_PROMPT_. Go through the listing and copy each line that has the string "Vintage" in it.

########

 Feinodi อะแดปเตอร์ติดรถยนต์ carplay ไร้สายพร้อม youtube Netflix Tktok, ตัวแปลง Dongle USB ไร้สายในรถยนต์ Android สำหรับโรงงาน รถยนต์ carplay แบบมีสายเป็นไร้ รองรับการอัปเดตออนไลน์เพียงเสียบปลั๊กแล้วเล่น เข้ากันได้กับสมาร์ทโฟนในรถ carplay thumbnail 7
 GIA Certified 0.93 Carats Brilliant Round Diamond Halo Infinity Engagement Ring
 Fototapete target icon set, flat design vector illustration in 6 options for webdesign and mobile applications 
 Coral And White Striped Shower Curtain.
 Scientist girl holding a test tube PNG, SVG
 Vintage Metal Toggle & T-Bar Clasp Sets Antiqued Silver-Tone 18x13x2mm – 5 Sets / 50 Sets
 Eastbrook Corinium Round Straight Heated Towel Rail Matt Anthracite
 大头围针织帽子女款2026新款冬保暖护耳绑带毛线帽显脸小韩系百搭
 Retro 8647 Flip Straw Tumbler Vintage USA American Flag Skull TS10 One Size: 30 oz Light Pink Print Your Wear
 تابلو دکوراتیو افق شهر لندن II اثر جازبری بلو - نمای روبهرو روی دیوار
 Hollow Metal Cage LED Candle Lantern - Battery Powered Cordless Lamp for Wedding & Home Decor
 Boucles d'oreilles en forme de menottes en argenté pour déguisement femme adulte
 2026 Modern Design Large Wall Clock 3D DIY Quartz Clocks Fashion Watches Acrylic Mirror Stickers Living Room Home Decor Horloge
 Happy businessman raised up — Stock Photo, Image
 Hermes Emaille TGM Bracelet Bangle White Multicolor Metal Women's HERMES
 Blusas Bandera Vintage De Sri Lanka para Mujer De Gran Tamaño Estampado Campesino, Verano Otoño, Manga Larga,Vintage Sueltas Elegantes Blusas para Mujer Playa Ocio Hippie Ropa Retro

########

_OUTPUT FOR THIS EXERCISE_.
 Vintage Metal Toggle & T-Bar Clasp Sets Antiqued Silver-Tone 18x13x2mm – 5 Sets / 50 Sets
 Retro 8647 Flip Straw Tumbler Vintage USA American Flag Skull TS10 One Size: 30 oz Light Pink Print Your Wear
 Blusas Bandera Vintage De Sri Lanka para Mujer De Gran Tamaño Estampado Campesino, Verano Otoño, Manga Larga,Vintage Sueltas Elegantes Blusas para Mujer Playa Ocio Hippie Ropa Retro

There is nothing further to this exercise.